К моменту ее появления Давенант уже забыл, кто может придти. Его бессвязная речь, коснувшись отца, бегства, Ван-Конета, странной тактики адвоката, становилась затрудненной. Когда он умолкал, Галеран говорил с ним, укрепляя его, как мог, соображениями о возможности отсрочки исполнения приговора. Уже он хотел проститься и уйти, не веря в поиски Стомадора и сознавая, что опасность растет, как Давенант сказал:
— Отдайте серебряного оленя Роэне и Элли Футроз. Не знаю, когда это было
— сейчас или в прошлую ночь, казалось мне, что я видел на столе свечу, горящую днем. В окно врывался ветер, но пламя свечи не шевелилось, не гасло, лишь быстро таяла эта свеча…
Факрегед открыл дверь, пропустив Стомадора и молодую женщину, с ужасом взглянувшую на распростертого человека. Его измученное и ясное лицо еще не успело потерять свое, далекое всему, выражение.

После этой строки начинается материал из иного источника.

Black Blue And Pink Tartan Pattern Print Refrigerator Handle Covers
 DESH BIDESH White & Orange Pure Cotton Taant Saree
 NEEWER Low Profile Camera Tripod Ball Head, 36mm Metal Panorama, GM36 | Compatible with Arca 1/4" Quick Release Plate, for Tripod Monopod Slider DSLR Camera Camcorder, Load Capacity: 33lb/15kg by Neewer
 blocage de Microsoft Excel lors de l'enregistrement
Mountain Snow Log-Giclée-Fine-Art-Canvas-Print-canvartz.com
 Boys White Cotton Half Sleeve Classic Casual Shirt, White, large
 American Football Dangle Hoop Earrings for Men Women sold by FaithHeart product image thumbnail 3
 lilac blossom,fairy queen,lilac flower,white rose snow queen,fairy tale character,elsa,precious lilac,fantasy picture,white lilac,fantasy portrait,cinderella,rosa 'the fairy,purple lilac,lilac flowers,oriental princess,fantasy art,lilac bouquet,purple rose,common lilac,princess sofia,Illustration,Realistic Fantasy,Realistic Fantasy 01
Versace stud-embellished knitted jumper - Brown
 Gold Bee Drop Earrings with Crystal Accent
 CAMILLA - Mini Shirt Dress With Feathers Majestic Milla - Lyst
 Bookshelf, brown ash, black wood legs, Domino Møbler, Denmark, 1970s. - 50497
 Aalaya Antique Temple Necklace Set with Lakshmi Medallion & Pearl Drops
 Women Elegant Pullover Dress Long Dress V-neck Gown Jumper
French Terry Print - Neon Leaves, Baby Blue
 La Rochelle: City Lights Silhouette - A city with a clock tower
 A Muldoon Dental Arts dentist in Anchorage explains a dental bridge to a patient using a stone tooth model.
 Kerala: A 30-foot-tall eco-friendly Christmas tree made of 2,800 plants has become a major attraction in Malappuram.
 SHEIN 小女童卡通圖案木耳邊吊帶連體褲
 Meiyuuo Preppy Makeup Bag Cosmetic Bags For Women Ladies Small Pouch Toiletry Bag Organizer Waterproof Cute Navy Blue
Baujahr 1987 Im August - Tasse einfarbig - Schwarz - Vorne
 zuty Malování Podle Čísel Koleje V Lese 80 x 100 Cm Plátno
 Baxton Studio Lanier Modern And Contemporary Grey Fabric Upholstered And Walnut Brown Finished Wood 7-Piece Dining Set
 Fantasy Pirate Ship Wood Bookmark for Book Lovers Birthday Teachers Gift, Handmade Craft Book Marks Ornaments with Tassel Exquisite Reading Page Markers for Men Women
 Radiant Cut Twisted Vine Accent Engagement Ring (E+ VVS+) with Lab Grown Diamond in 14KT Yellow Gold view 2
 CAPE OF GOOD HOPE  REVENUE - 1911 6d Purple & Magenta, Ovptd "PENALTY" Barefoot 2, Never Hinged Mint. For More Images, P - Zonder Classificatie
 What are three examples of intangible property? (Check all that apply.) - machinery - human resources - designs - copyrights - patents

Лекан, которого Стомадор огорошил при входе заявлением: «Это племянница начальника тюрьмы!» — силой тащил теперь за рукав Факрегеда, чтобы получить объяснение происходящего и отпроситься бежать. Они удалились.
— Это я… это я, — твердил Стомадор. — Я нашел эту фею, а не Ботредж… это божество… это утешение, этого рыцаря-девочку. Она девочка. Я, может быть, раз тридцать останавливал всяких подходящих особ!
Упавшее было настроение Галерана поднялось на небывалую высоту. В эту ночь все лучшее человеческих сердец раскрывалось перед ним и невозможное становилось простым.
— Вы подвергаетесь величайшей опасности, — сказал Галеран молодой женщине, догадываясь о ее положении в жизни с одного взгляда на нее. — Если нас всех накроют, не миновать боя, и, хотя мы вас не дадим тронуть, риск все же огромен.
— Для меня это не так страшно, — ответила Консуэло, с гордым видом человека, знающего себя. — Могут быть только неприятности, но я на это пошла.
«Кто же она?» — думали все, чувствуя, что Консуэло не бодрится, а говорит правду. В камере повеяло неясной надеждой. Давенант глубоко вздохнул. Темная вода временно ушла из его сознания, и, безмерно счастливый тем высшим, что выпало на его долю среди мучений и страха, он оживился.
— Сознание мое прояснилось, — заговорил Давенант. — Мой бред привел вас сюда; это был не совсем бред, — прибавил он, уже жалея существо, несущее так много отрады одним звуком своего голоса, такое настоящее — то самое, такое удивительное и прекрасное, как будто бы он сам придумал его. — О, — сказал Давенант, — я спокоен, я равен теперь самым живым среди живых. Уходите! Простите и уходите.